The Idaho Spending Index serves to provide a fiscally conservative perspective on state budgeting while providing an unbiased measurement of how Idaho lawmakers apply these values to their voting behavior on appropriations bills. Each bill is analyzed within the context of the metrics below. They receive one (+1) point for each metric that is satisfied by freedom-focused policymaking and lose one (-1) point for each instance in which the inverse is true. The sum of these points composes the score for the bill.
Rating: (-2)
Bill Description: House Bill 371 is an enhancement of $86,100 and 0.00 new full-time positions for the Endowment Fund Investment Board for fiscal year 2026. It appropriates a total of $1,009,500 and 4.00 full-time positions to the agency.

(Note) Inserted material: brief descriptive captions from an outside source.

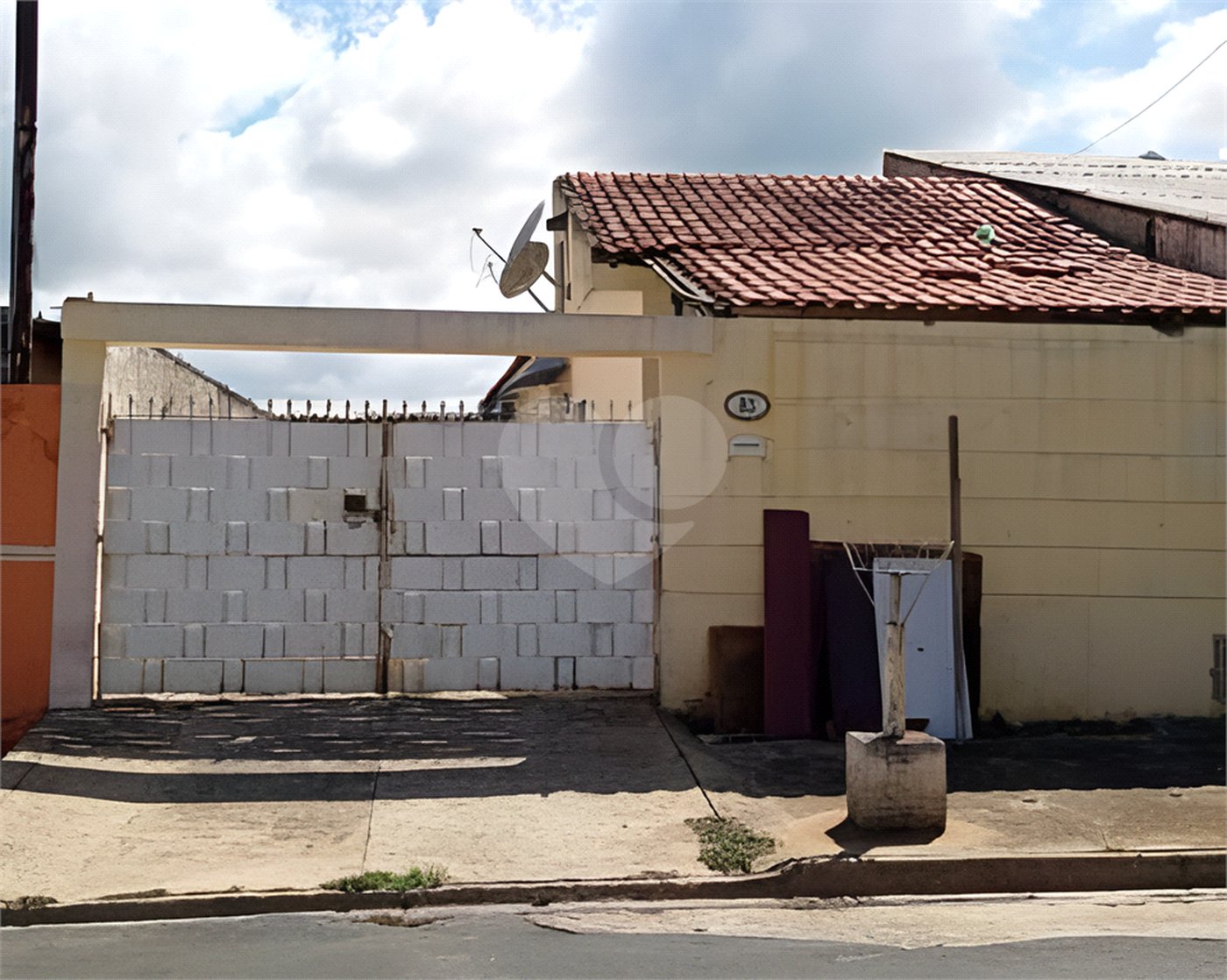 Casa à venda com 3 quartos em Jardim Nova Era, Itapetininga, SP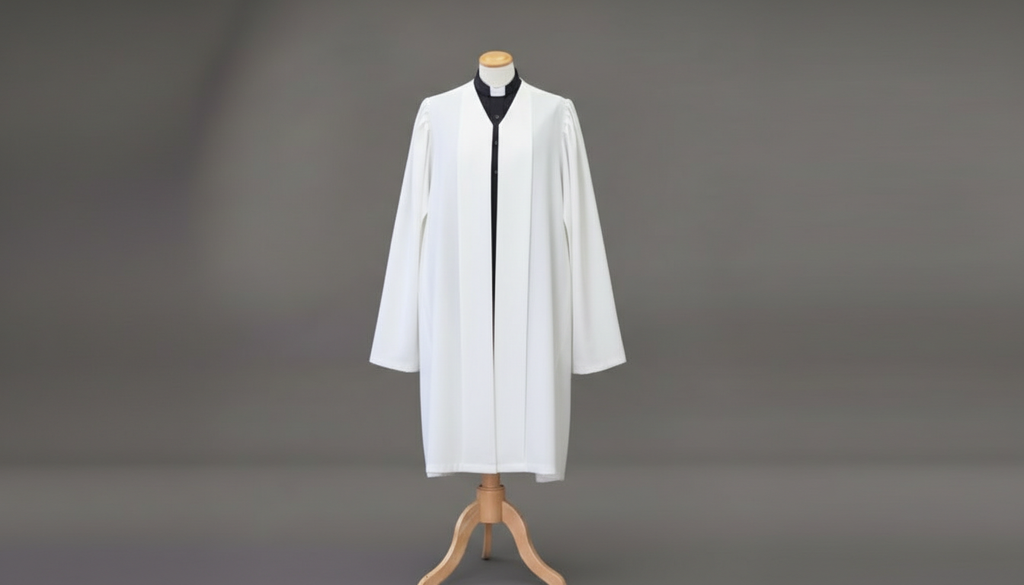 Preaching Gown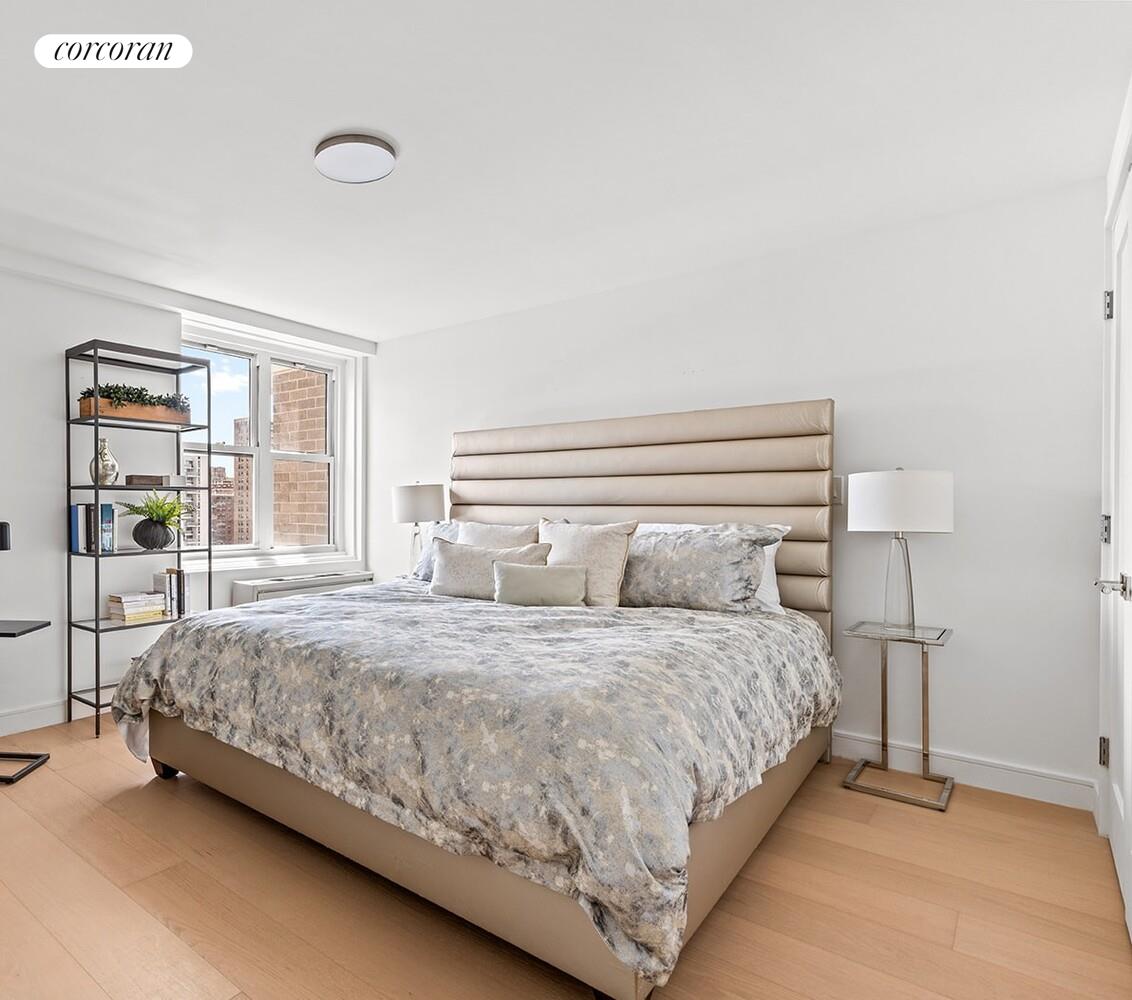 175 West 95th Street, Unit 20H Manhattan, NY 10025 - Photo 4 of 17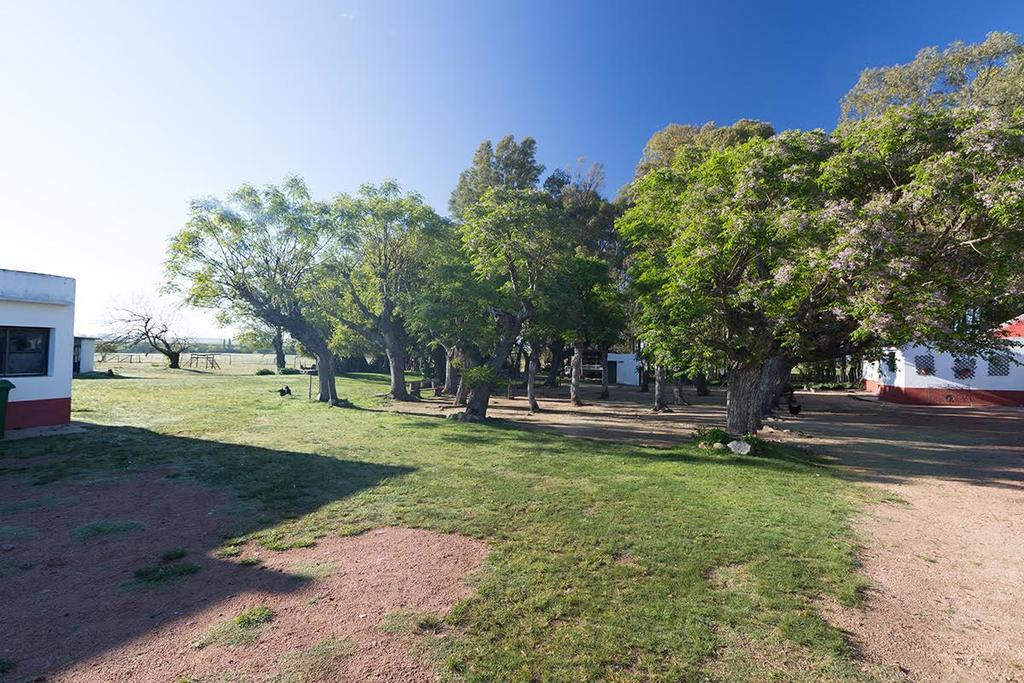 Estancia Hosteria El Ceibo Флорида Экстерьер фото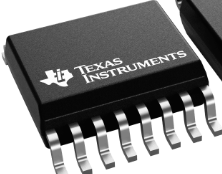 TS5V330C 带改进的ESD保护5V 2:1(SPDT)四通道视频开关 Texas Instruments德州仪器TI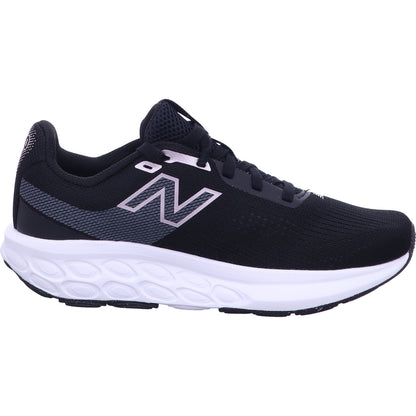 New Balance Schnürschuh W520LK9 520 in Schwarz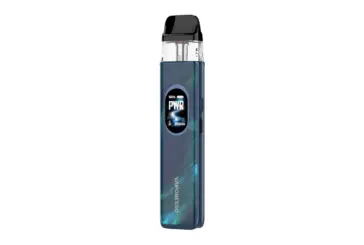 INFO BATCH : XROS 6 & XROS 6 Mini (Vaporesso)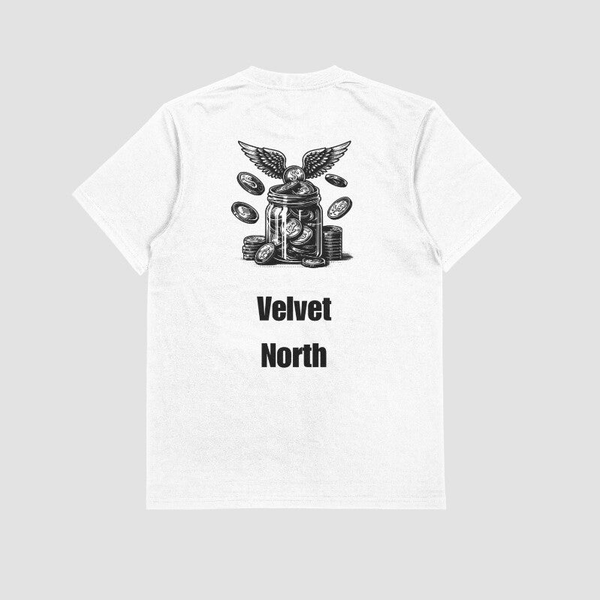 Velvet North t shirt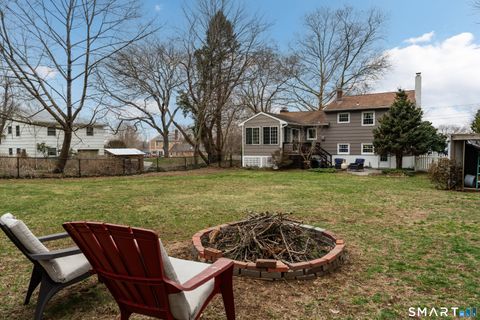 Tiny photo for 82 Raymond Road, Guilford, CT 06437 (MLS # 24159210)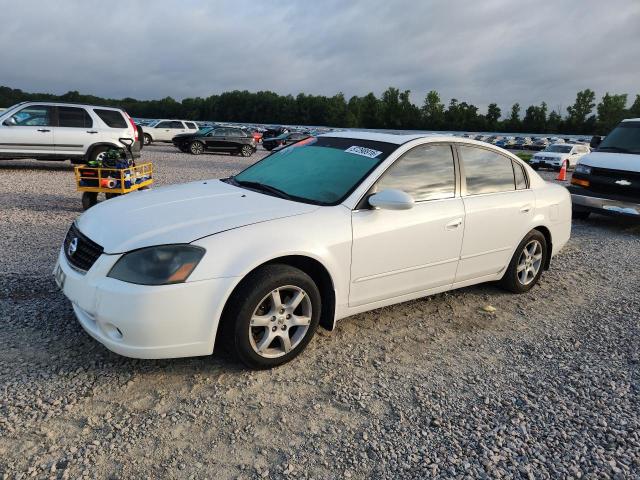 2006 Nissan Altima მანქანა იყიდება აუქციონზე, vin: 1N4AL11D26C206548, აუქციონის ნომერი: 57298916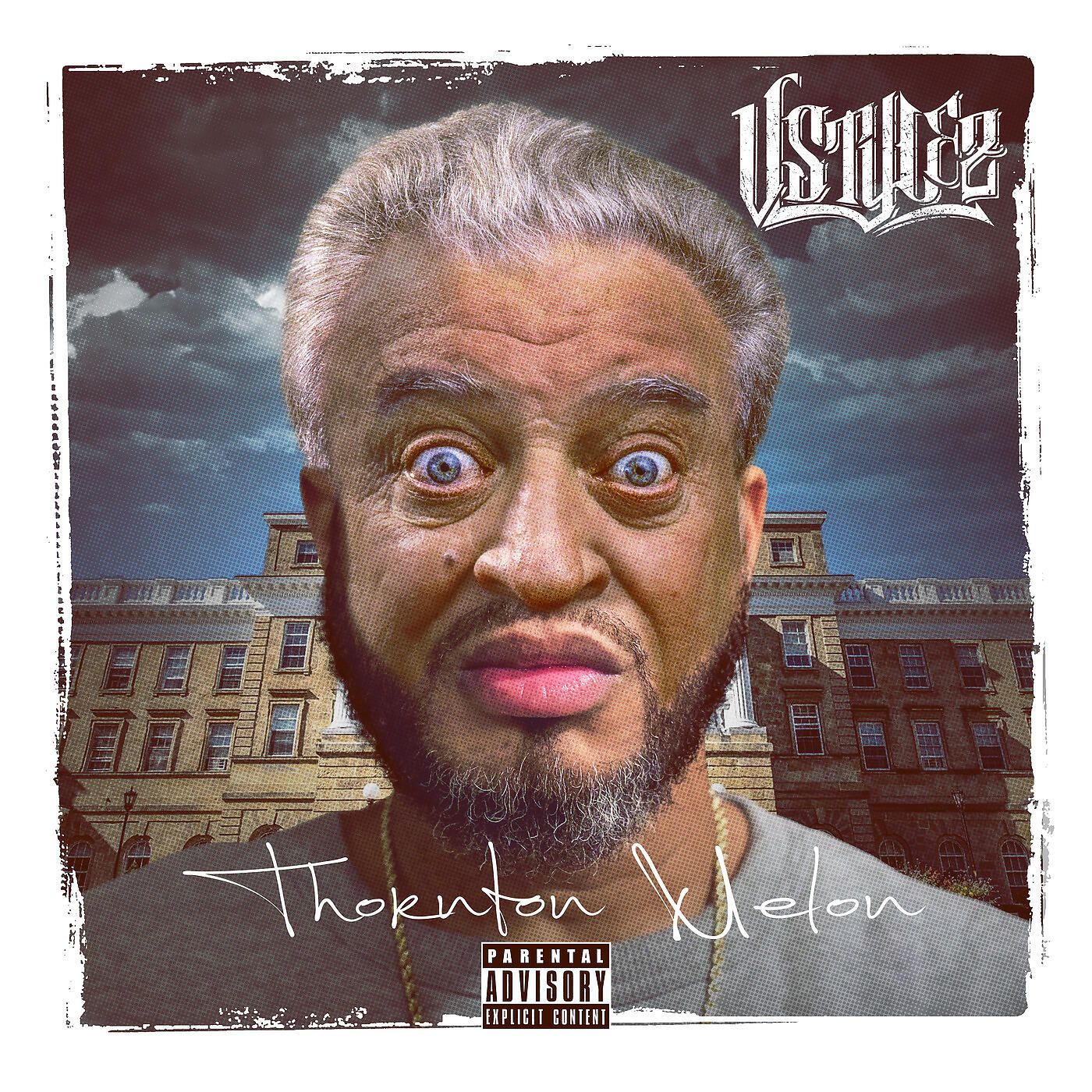 Vstylez - Roulette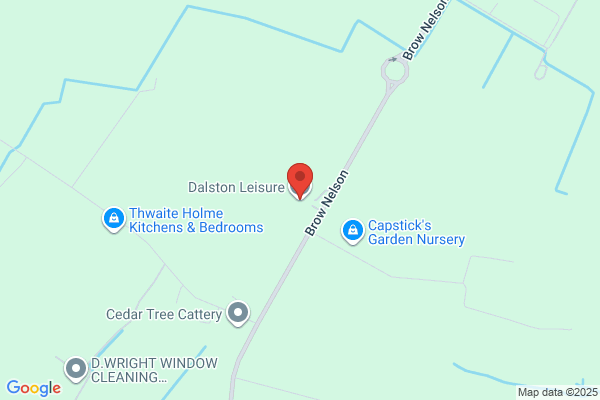 Dalron Home Leisure
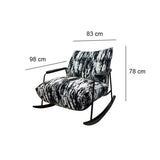 Northo Lounge Chair
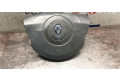 Подушка безопасности водителя 8200102820, 8200102820   Renault Vel Satis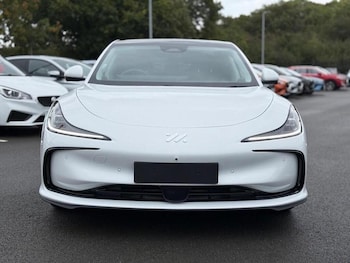 Used MG MG IM5 undefined for sale - 77528978: Photo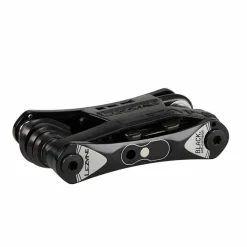 Lezyne Fahrradreparatur Und Fahrradpflege*RAP II 18 - Multifunktionswerkzeug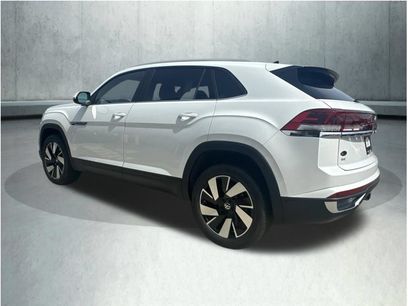 New 2026 Volkswagen Atlas Cross Sport SE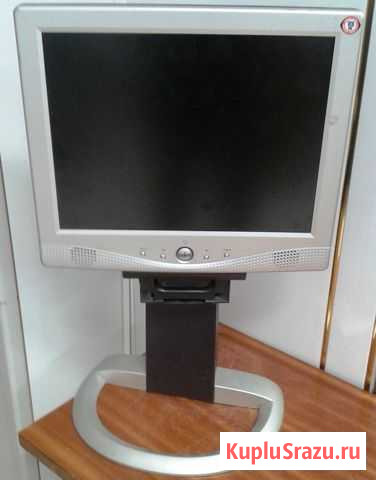 Монитор Sampo SL5001 Петрозаводск - изображение 1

Does this budget incur any wasteful spending among discretionary funds, including new line items? Conversely, does this budget contain any provisions that serve to reduce spending where possible (i.e. base reductions, debt reconciliation, etc.)?
House Bill 371 provides for an $80,000 raise for two positions in the agency: the manager of investments and an investment officer. The agency argues it needs this increase to place both positions in the “median of the low quartile for similar positions.” The statewide change in employee compensation only called for an additional $7,943 for these two positions. This legislation, however, gives an exceedingly large pay increase for only two staff positions. For perspective, this increase is 12% of the agency’s FY 2024 personnel budget of $658,720. These positions are getting paid far outside what policy would prescribe, making this a wasteful bill.
(-1)
Is the continuation or growth in ongoing spending, if any, inappropriate for the changes in circumstances, scope of the agency, or current economic environment? Conversely, is the continuation or growth in ongoing spending appropriate given any change in circumstances or economic pressures?
This legislation funds ongoing spending for the Endowment Fund Investment Board at $1,004,600, growing from the base by 27.7% in the last three years. This rate is nearly 14 points faster than what would be prescribed by inflationary pressures and growth.
Because of the accelerated growth in this budget the last three years, a truly fiscally responsible enhancement budget for FY2026 would reverse the growth with a negative appropriation — a reduction to the base budget.